Jane Eyre | Victoria

Daybreak over the Gippsland wine region of Victoria in Australia

Jane Eyre first made wines under this label in Australia in 2012, when she made three barrels of a Pinot Noir from Mornington Peninsula and in 2015, she finally had enough wine to export, so her wines finally graced the shores of the UK.

Australian journalist Nick Stock has said of Jane that she “is a thoughtful and determined winemaker, with clear ideas about the style of Pinot Noir she likes. She prizes fragrance and delicacy over artefact and ripeness.”

As in Burgundy, Jane buys the grapes for these wines. The fruit for the Mornington Peninsula Pinot Noir comes from two vineyards in Merricks. The average age of the vines is 30 years. The wine is vinified using 20 – 25% whole bunches in an open-topped wooden fermenter. It spends three weeks on the skins, with several light punch downs, and is aged for 10 months in used French oak barrels. Unfined and unfiltered, it's open, and has a lovely aroma of cherries and orange zest.

In 2018, Jane secured some fruit from the ‘Thousand Candles’ farm in the Yarra Valley. The site is located 65 kilometres northeast of Melbourne and is famed for the quality of the Pinot Noir which grows there. She uses 20% whole bunch and gentle extraction techniques in order to produce a wine which is elegant and poised, with beautiful perfumes of red fruit and violets.

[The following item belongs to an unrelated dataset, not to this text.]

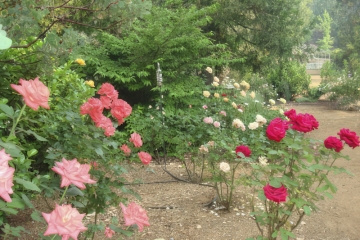Rose_Garden-5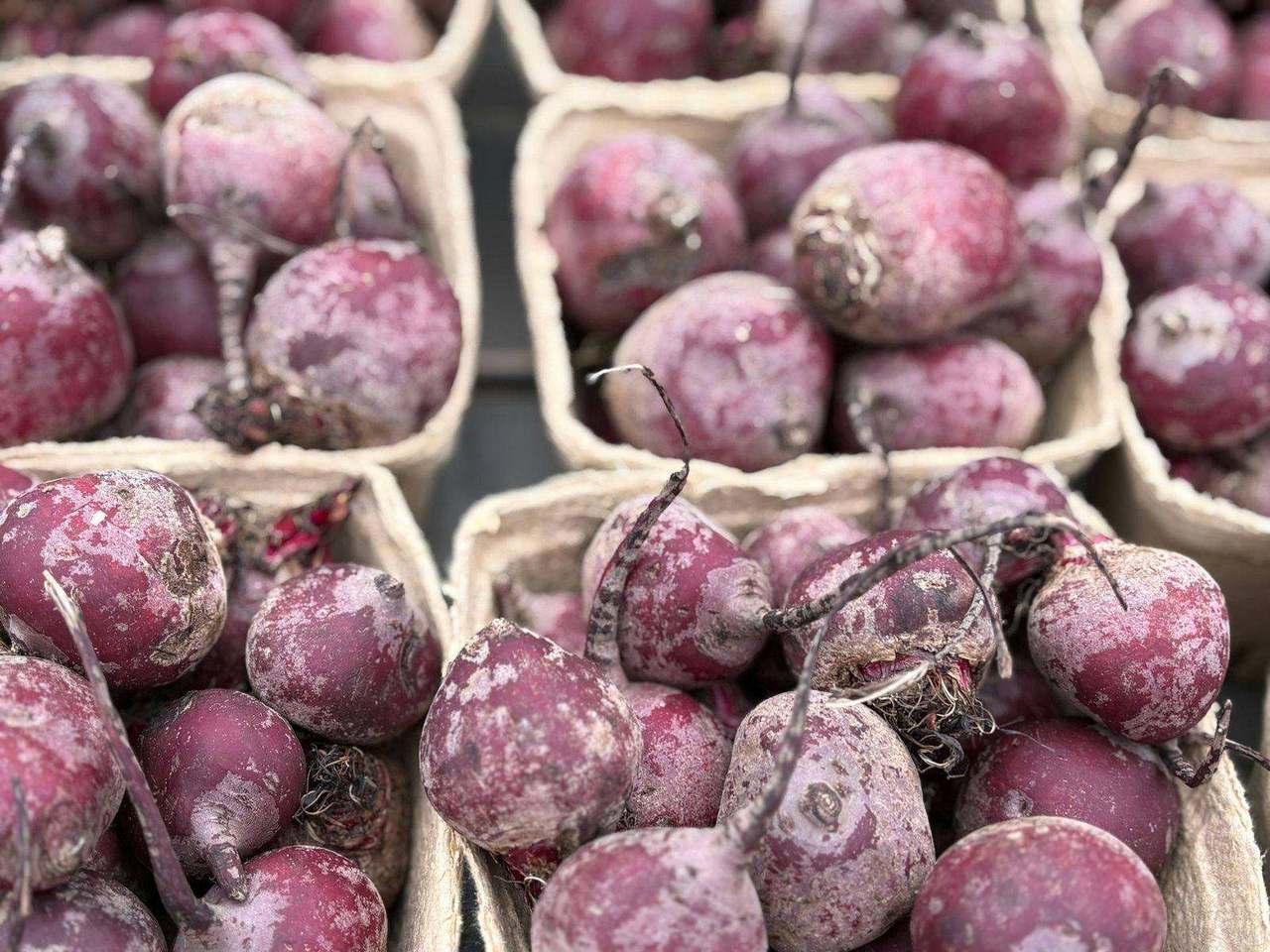 Crates of freshly harvested beets in punnets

In 2021 Jane produced a Tasmanian Pinot Noir, which is made with fruit from two vineyards; one in the island’s northernmost wine region, Piper’s River, and the other on the iron-rich soils of the Tamar Valley. Jane uses just 10% whole bunch in this wine and matures it for 10 months in a combination of new and used 500 litre French oak puncheons. It has great purity of fruit, with pomegranate, a touch of spice and fine, persistent tannins.